## WHAT TO DO
Return each line of the listing exactly, though without its images.

## DATASET EXCERPT
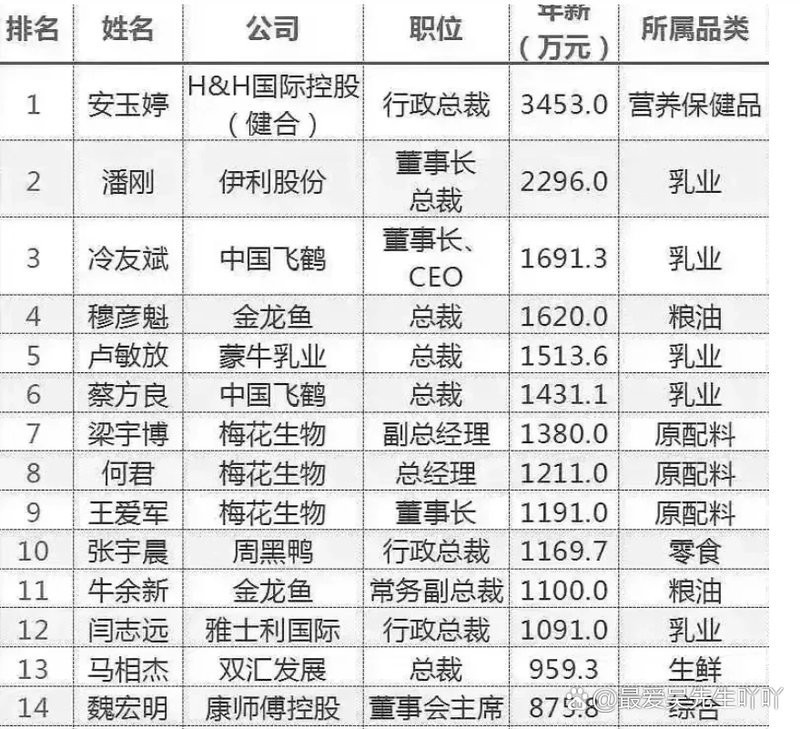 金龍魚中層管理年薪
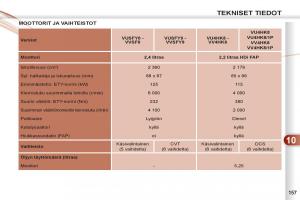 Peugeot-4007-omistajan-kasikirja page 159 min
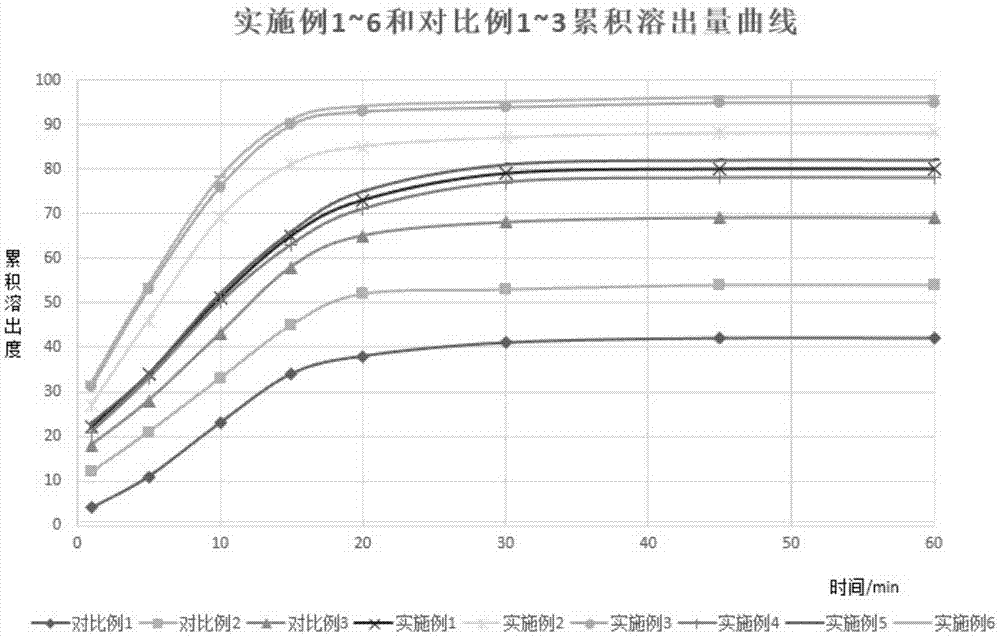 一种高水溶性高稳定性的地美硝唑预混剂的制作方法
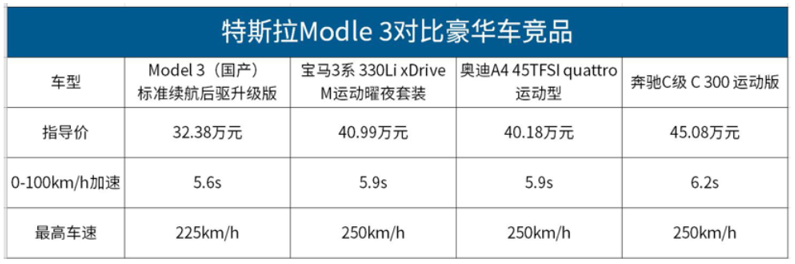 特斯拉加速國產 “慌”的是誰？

## TASK RESULT
 金龍魚中層管理年薪
 Peugeot-4007-omistajan-kasikirja page 159 min
 一种高水溶性高稳定性的地美硝唑预混剂的制作方法
 特斯拉加速國產 “慌”的是誰？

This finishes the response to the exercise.